• [Information shown]:
========
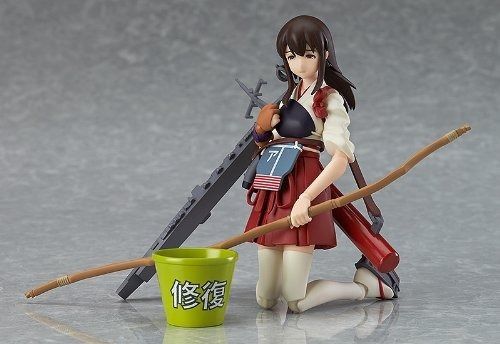 Figma 222 Kantai Collection -kancolle- Akagi Figure Max Factory- Japan Figure Store - #1 Bring To You The Best Japanese Goods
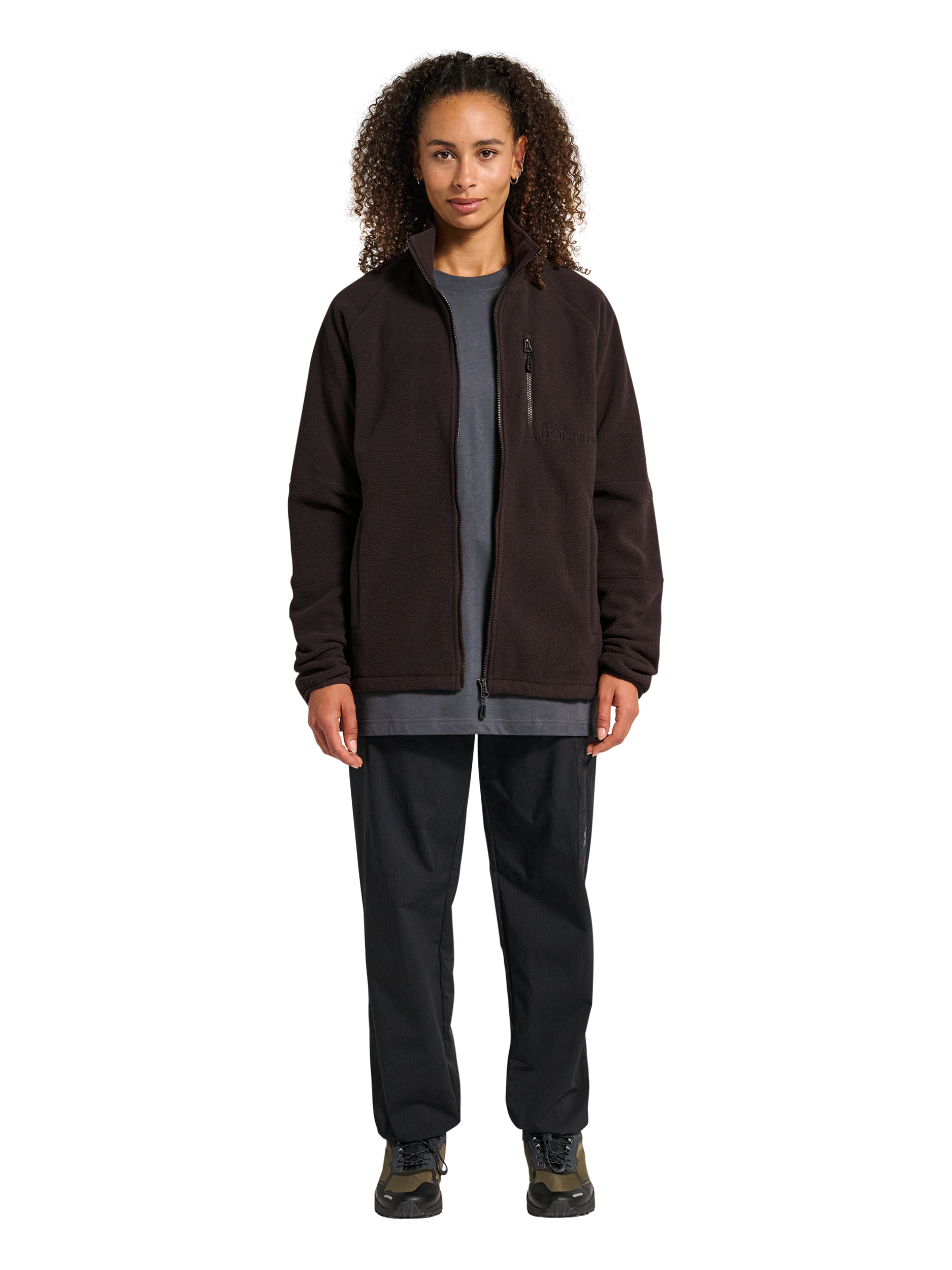 HALO WINDPROOF TEDDYFLEECE JACKET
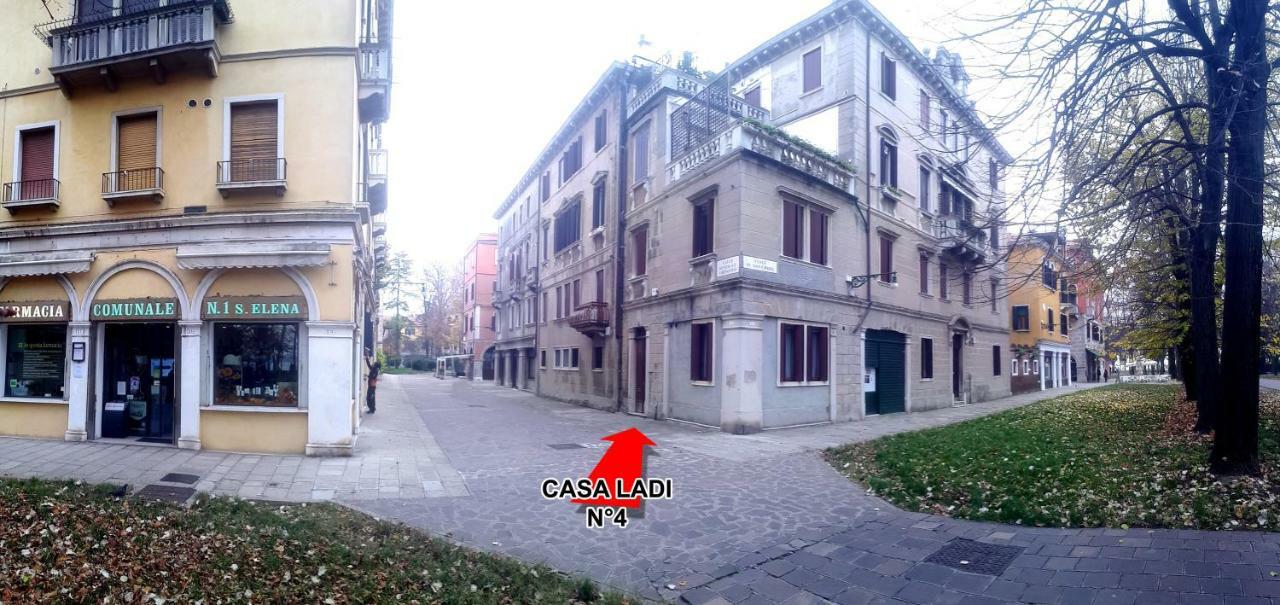 Casa Ladi Lägenhet Venedig Exteriör bild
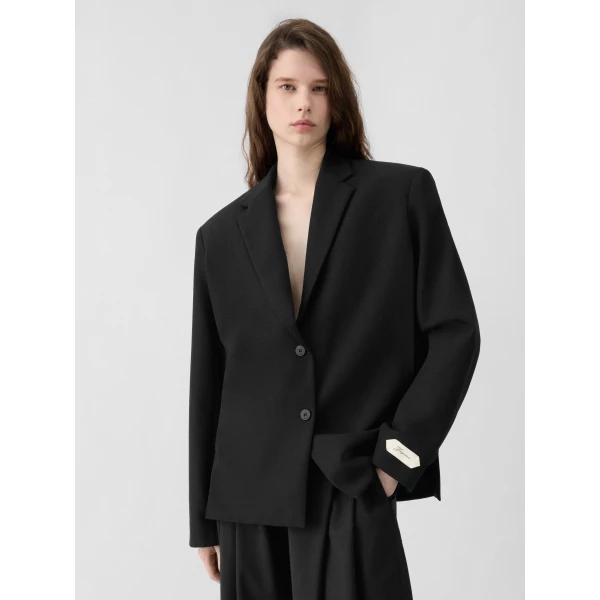 black Jacquemus jacket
========
• [Activity]: I would like the material above returned exactly as it stands, without its pictures.

• [Expected answer]:
 Figma 222 Kantai Collection -kancolle- Akagi Figure Max Factory- Japan Figure Store - #1 Bring To You The Best Japanese Goods
 HALO WINDPROOF TEDDYFLEECE JACKET
 Casa Ladi Lägenhet Venedig Exteriör bild
 black Jacquemus jacket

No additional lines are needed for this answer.